The Higgs boson, particularly if it is heavier than about 180 GeV, may in fact decay yielding two Z bosons, and Z bosons are seen with negligible backgrounds when in turn they decay to pairs of high-momentum muons, producing four stiff tracks that punch through the whole calorimeter system and leave lined-up signals in the outer muon chambers. The signature of a heavy Higgs might therefore be that of four energetic muons. This was indeed one of the primary aims of the designers of CMS: having the highest acceptance, lowest background, cleanest signature of such events.
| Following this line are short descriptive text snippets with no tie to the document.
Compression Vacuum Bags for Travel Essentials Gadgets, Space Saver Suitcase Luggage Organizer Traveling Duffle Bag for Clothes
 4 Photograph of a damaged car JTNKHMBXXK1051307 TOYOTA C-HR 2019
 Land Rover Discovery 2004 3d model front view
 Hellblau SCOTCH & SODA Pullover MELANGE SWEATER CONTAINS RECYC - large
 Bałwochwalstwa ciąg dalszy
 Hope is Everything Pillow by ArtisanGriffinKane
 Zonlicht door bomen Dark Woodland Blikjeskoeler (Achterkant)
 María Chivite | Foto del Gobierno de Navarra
Of course, Z pairs can be created not only in the decay of a Higgs boson, but also by more prosaic electroweak processes. So if one sees such events this does not provide any clue that the Higgs decay produced them. Only by accumulating many of them, and reconstructing the total invariant mass of the four-muon system, seeing that besides the expected background some events yield always the same value of reconstructed mass, can one claim that Higgs decay is a plausible interpretation. And even then, the rate of production must agree with theoretical calculations, otherwise one must leave open other explanations.
So, CMS has seen the first ZZ event in the four-muon decay channel. It is a spectacular event, as you can clearly see with your own eyes: apart from the four muons very little extra particles are produced.
First let us have a look at a transverse view, obtained by "cutting" the detector orthogonally from the beam direction: this is what a proton arriving in the following bunch would see of the four-muon collision.
You can observe that the four muon tracks are almost straight lines - a signal that they have indeed high momentum and were therefore bent very little by the strong 4-Tesla magnetic field inside the solenoid. Let us look at a side view now: this shows how the muons moved forwards or backwards (the beam line is a horizontal line at the center).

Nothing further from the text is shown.